La relación entre un abuelo y un nieto es todavía un misterio que estoy comenzando a entender (aunque tengo 27 años de ser nieta, no es lo mismo ver el fenómeno como espectadora).
Cuando sus miradas se encuentran es como si se conocieran desde siempre, como si el mundo se detuviera en ese instante y las palabras sobraran. Ese momento romántico se vuelve perfecto cuando es interrumpido por una carcajada infantil, que ilumina el espacio.
Y es que esa complicidad espontánea que existe entre ambos no se enseña, solo se va perfeccionando con el tiempo.

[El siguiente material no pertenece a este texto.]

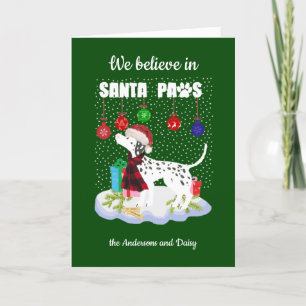 Cute Dalmatien Tro jultomten Tassar jul Helgkort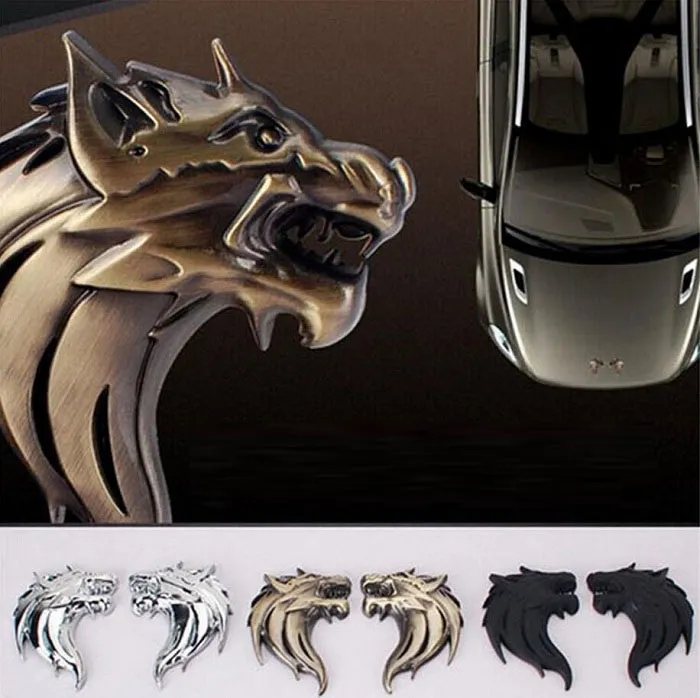 Auto Stickers Metalen Wolf Cover / Anti Kras UV Water voor Body Light Brow Door Bumper Achteruitkijkspiegel venster enz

Abuelo y nieto son como los extremos de una misma cuerda, los separa una brecha natural que dan los años, pero al encontrarse el uno con el otro se entrelazan de una manera perfecta, cerrando el círculo infinito de la vida.
Porque el abuelo ve reflejado a su hijo o hija en la mirada inocente del nieto, en un instante, pero ve la eternidad de lo que fue y de lo que nunca pudo ser.
Ese amor incondicional del padre se vuelve indescriptible cuando viene del abuelo, quien es padre al cuadrado. Ama el doble, abraza, besa y consiente el doble, sin responsabilidades ni compromisos, solo por el simple hecho de amar.